An important part of our growth strategy is the development and introduction of new products
that open up new revenue streams for us. Despite our efforts, we cannot assure you that we will be
successful in developing and introducing new products, or that any new products we do introduce
will meet with commercial acceptance. The failure to successfully introduce new products will not
only hamper our growth prospects but may also adversely impact our net income due to the
development and marketing expenses associated with those new products.
THE SUCCESS OF OUR E-LEARNING STRATEGY DEPENDS ON THE RELIABILITY AND CONSISTENT PERFORMANCE OF OUR
INFORMATION SYSTEMS AND INTERNET INFRASTRUCTURE.

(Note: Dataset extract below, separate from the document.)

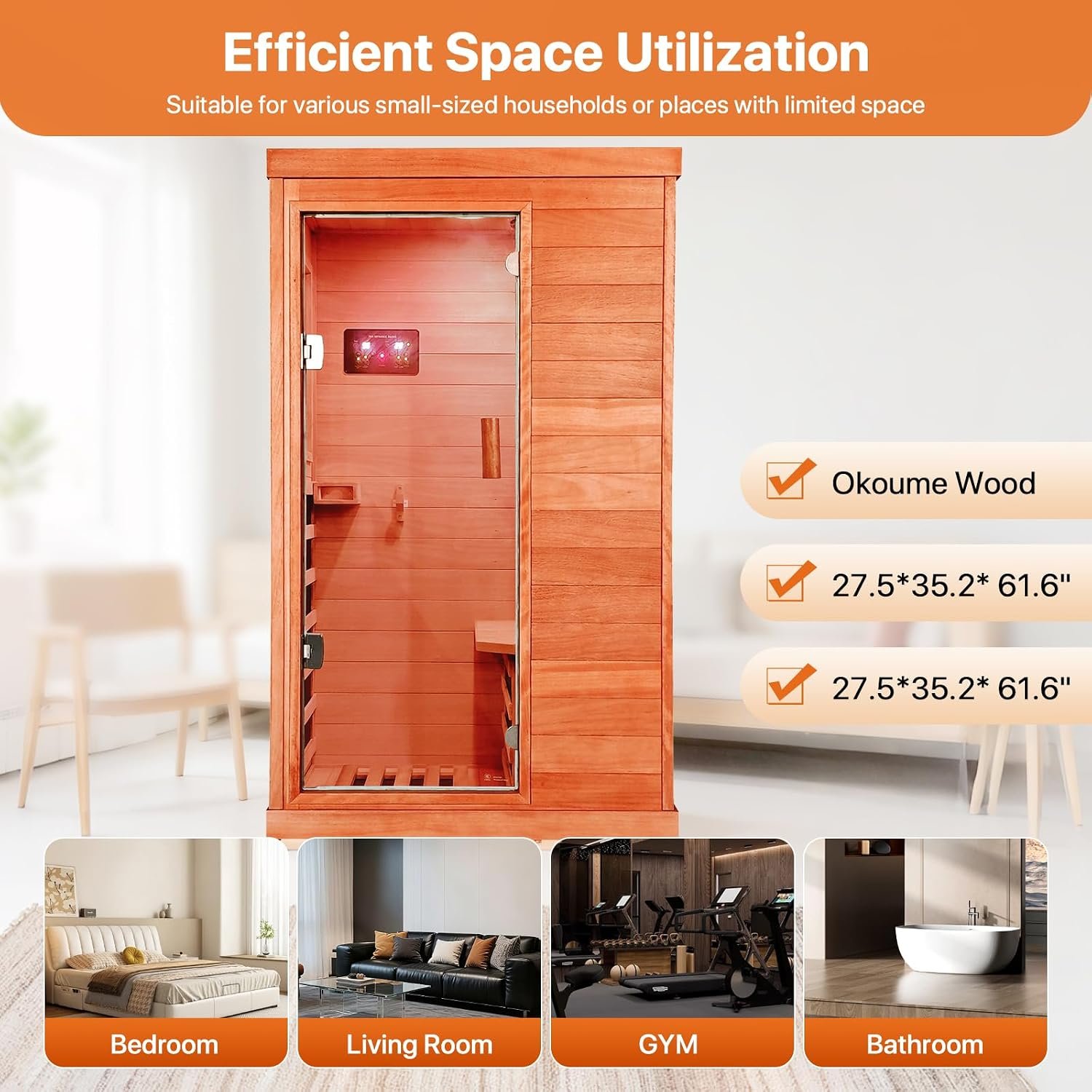 OUTEXER Far Infrared Sauna Home Sauna Spa Room Low-EMF Wood 1200W 120V - Image 4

The success of our e-learning strategy is highly dependent on the consistent performance of
our information systems and Internet infrastructure. If our Web site fails for any reason or if it
experiences any unscheduled downtimes, even for only a short period, our business and reputation
could be materially harmed. We have in the past experienced performance problems and unscheduled
downtime, and these problems could recur. We currently rely on third parties for proper functioning
of computer infrastructure, delivery of our e-learning applications and the performance of our
destination site. Our systems and operations could be damaged or interrupted by fire, flood, power
loss, telecommunications failure, break-ins, earthquake, financial patterns of hosting providers
and similar events. Any system failures could adversely affect customer usage of our solutions and
user traffic results in any future quarters, which could adversely affect our revenue and operating
results and harm our reputation with corporate customers, subscribers and commerce partners.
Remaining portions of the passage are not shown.